A New Technology Frontier with Hyperloop

The Hyperloop design competition by SpaceX, is a national and international design challenge which combines advanced aerospace and propulsion technologies. If successful, it could provide an alternative mass transportation mode in addition to airplanes, automobiles and trains.  Texas A&M University  was selected to host the 2016 SpaceX Hyperloop Pod Competition Design Weekend.  On January 29 – 30, 2016, teams from around the country and world will get a chance to present their design concepts in the Memorial Student Center at Texas A&M University.

Conceptually, the design requirement is simple but not necessarily easy:  Design a vehicle, “a pod,” that can carry 28 passengers at 760 mph, just below the speed of sound. At this speed, a trip from Los Angeles to San Francisco would take just 30 minutes. This new mode of transportation would be faster than the two-hour flight or the six-hour drive. It could also be less expensive. 

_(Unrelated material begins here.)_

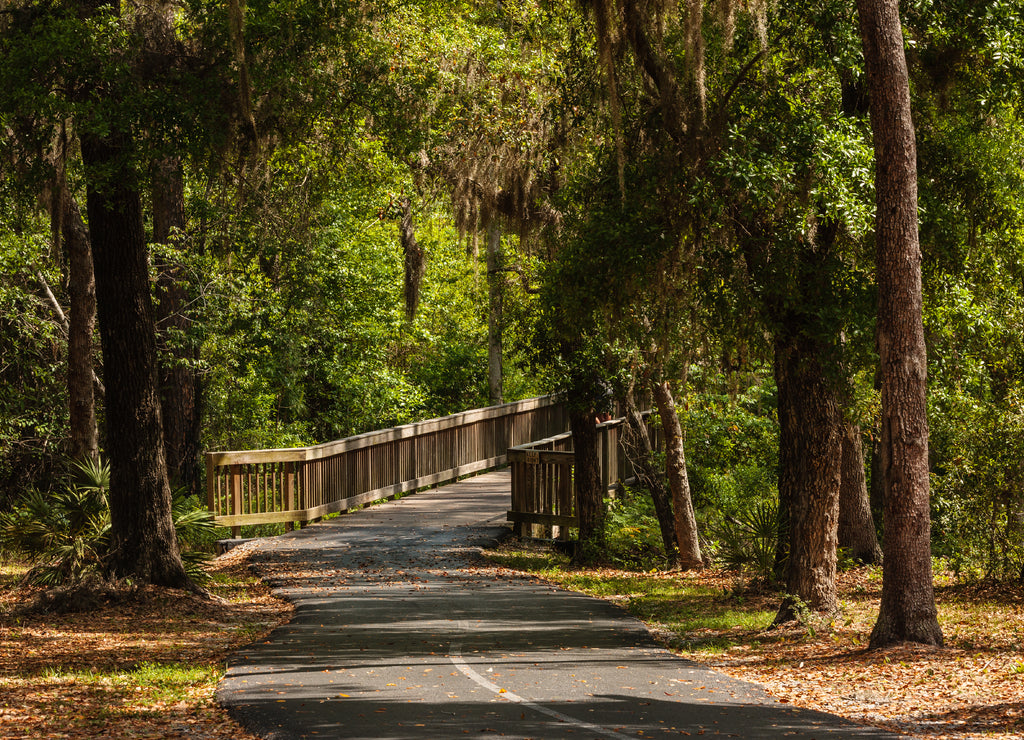 Paved bike trail through the different vegetation at Gulf State Park, Gulf Shores, Alabama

The pod travels in a tube with pressure about one hundredth of the pressure outside the window in a commercial airplane flight. This reduces resistance, letting the pod travel faster.   

Design teams can comprise of students, engineering professionals, scientists and other interested individuals.  Texas A&M also has a formal design course, ENGR 401, Interdisciplinary Design, where students can compete in the Hyperloop competition while fulfilling the requirements for the required senior design capstone course.   When Texas A&M University  was selected to host the 2016 Hyperloop design competition, Schneider was a natural fit to lead the senior design class of interdisciplinary engineering students.  Schneider teaches the course with Dr. Andrea Strzelec, also a professor in mechanical engineering.

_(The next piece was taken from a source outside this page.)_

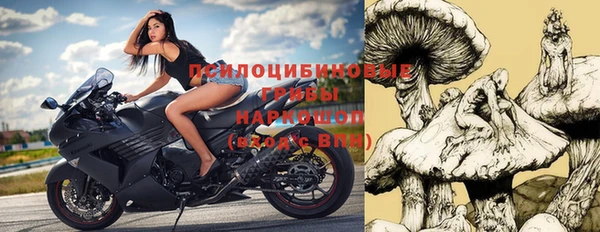 ПСИЛОЦИБИНОВЫЕ ГРИБЫ Алзамай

 “If I had three weeks, me and two other guys could do the whole thing, but our goal is to teach the students,” Schneider said. “They all volunteered to be in this class, so I’m teaching them how to do the needs statement and function structure.  Now we are at the point where we are coming with various concepts.”

Preparing Aggies

Schneider’s goal has long been to impart knowledge to engineering students. The Hyperloop competition is a vehicle to impart this knowledge.

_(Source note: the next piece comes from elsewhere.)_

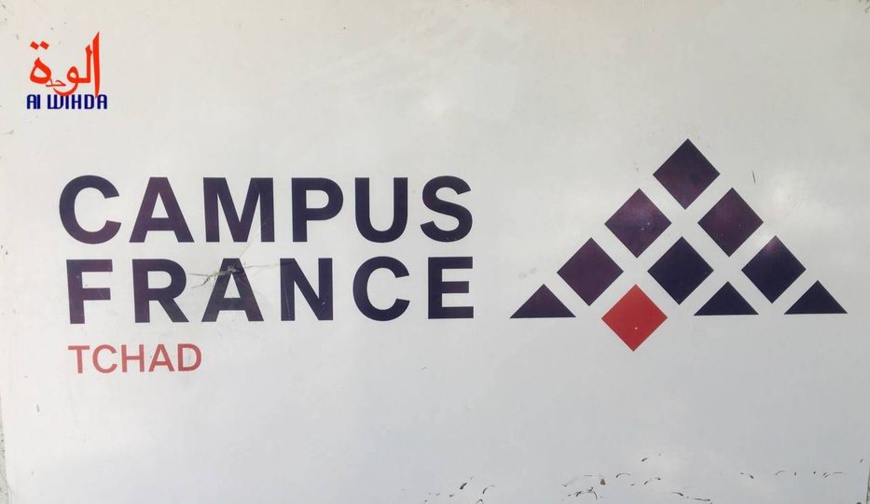 Campus France : 1400 étudiants tchadiens admis dans l'enseignement supérieur pour 2022-2023 Campus France : 1400 étudiants tchadiens admis dans l'enseignement supérieur pour 2022-2023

“My main goal is to teach the students, secondary is the design competition,” he said.

With 14 patents, Schneider is well qualified to do so.

Schneider is very familiar with the design process. When he was at NASA 20 years ago, charged with the re-design of the Mars inflatable spacecraft.  The previous team had designed it out of aluminum so it was very heavy.  Although several material choices including graphite-epoxy were suggested to Schneider and his team, he started the design process by asking the question, “What do you want it to do?”  Based on the answer to that first question, his team was able to design a successful inflatable spacecraft prototype.  Both of which are still in orbit around the earth today.   

This design perspective is shared with students in the ENGR 401 Interdisciplinary Design course. The design process for the Hyperloop pod follows the development of a needs statement that guides designers to better understand the problem. 

“It is about asking the right questions,” Schneider said, “which allows you to define a needs statement that  is a summary of the problem that can easily be explained in a few sentences.”

For Giang Do, a senior electrical engineering student in ENGR 401, the design approach is her biggest takeaway from the class.

“Dr. Schneider says that we will tackle all sorts of designs in our career,” Do said. “The design process allows you to clear out the murky ideas, but it doesn’t limit your creativity.”

At the SpaceX Hyperloop Design Weekend which took place in January, two ENGR 401 design teams will be presented their design concepts along with other teams.  Teams which were selected will advance and build their pods and test their design at the SpaceX Hyperloop Test Track in Hawthorne, California during Summer 2016.

“I would want them to see that what we perceive as unattainable is possible.  We just limit ourselves based on the little knowledge that we have, or even based on others people’s perception,” Do said.

Classmates Justin Benden, a senior mechanical engineering major and Kenneth McDole, a senior electrical engineering major, believe they were able to represent Texas A&M well and show that the proof of concept is feasible. 

“I want A&M to be separated from the other teams, to show that we went above and beyond their expectations,” Benden said. “We didn’t just do what they asked, but rather we came up with our own concepts.”

McDole added, “I want [the concept] to be more of an inspiration for kids in high school and for A&M to be proof that this can happen.”

On Schneider’s wall hangs a picture of him underneath the Space Shuttle Columbia, which he worked on for 7 years at NASA. The picture was taken by Dr. Faget, who recruited him to NASA.  It reminds him of the values instilled in him as a young engineer at NASA.  These values and the spirit of innovation have not been forgotten by Schneider, and through him, they will be passed on to the next generation of engineers.